LISTED ENTRIES:
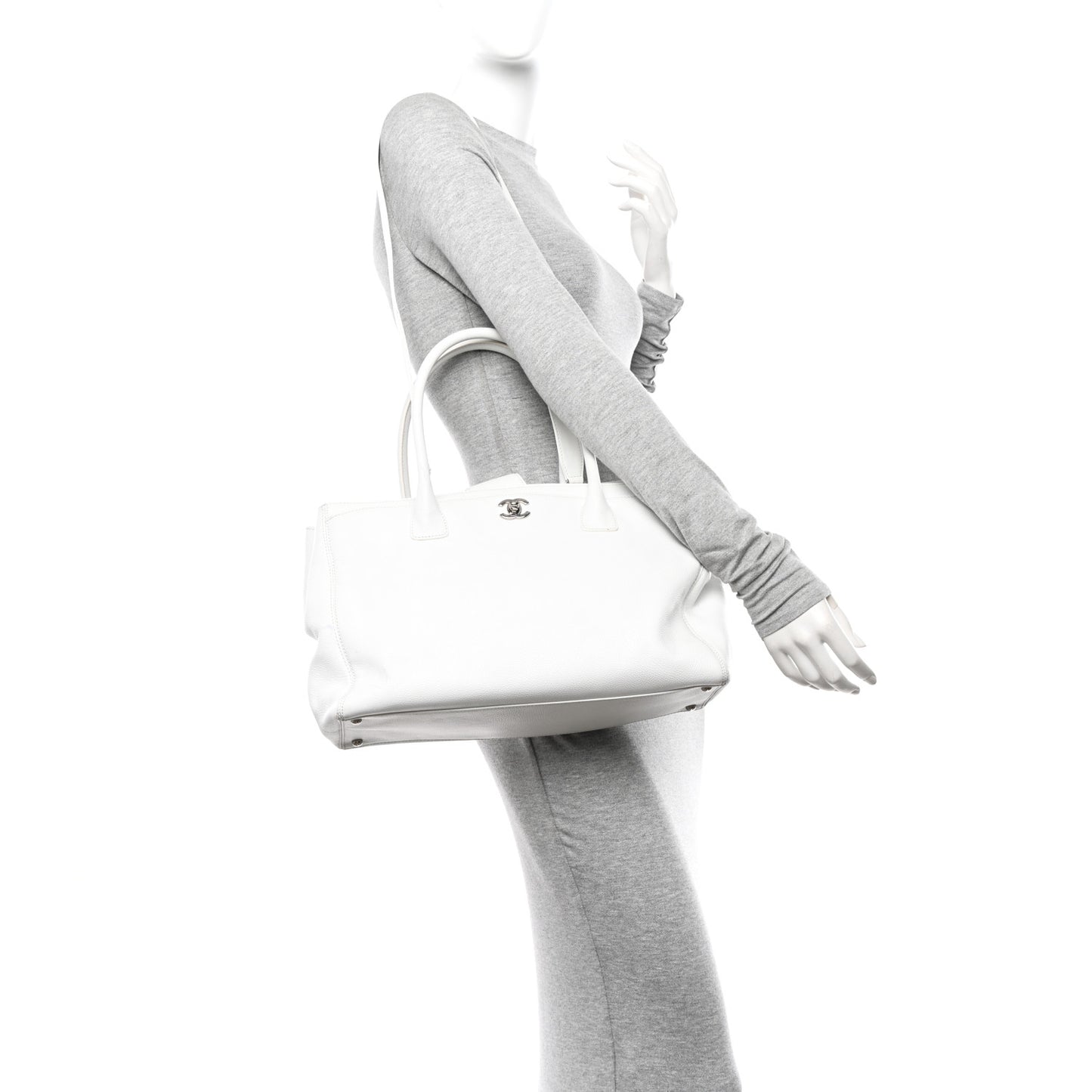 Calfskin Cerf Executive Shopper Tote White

...

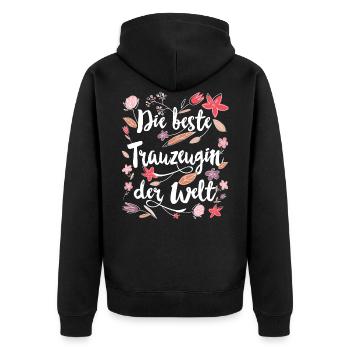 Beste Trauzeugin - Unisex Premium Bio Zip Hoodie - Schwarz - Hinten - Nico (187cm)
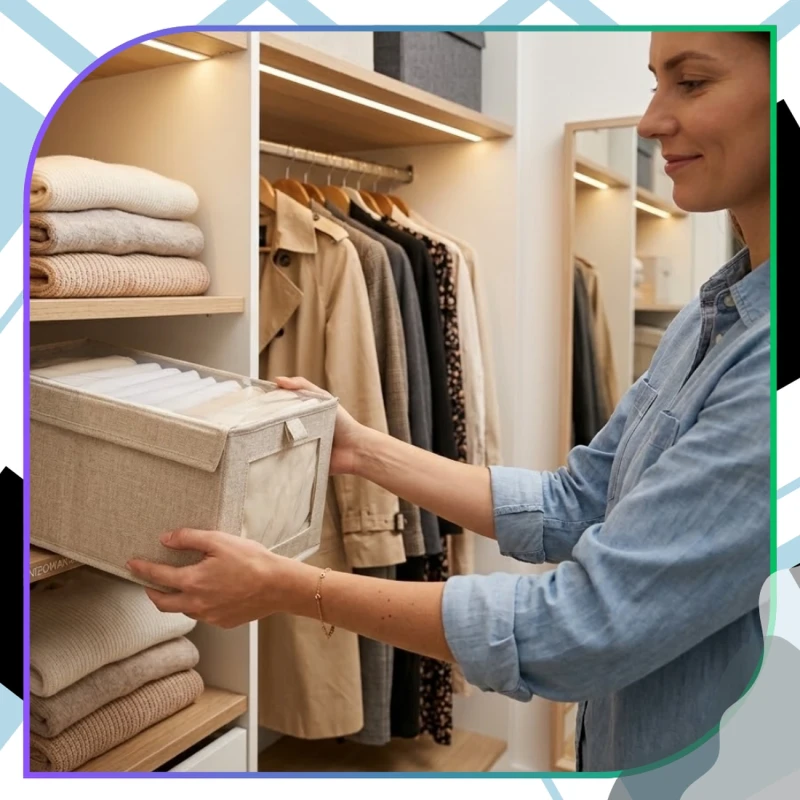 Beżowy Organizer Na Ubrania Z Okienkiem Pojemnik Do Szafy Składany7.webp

BRIEF: Find the line with "Beste Trauzeugin - Unisex" in the entries above. Set down exactly every line from it up to and including the line with "Beżowy Organizer Na", images excluded.

EXPECTED ANSWER:
 Beste Trauzeugin - Unisex Premium Bio Zip Hoodie - Schwarz - Hinten - Nico (187cm)
 Beżowy Organizer Na Ubrania Z Okienkiem Pojemnik Do Szafy Składany7.webp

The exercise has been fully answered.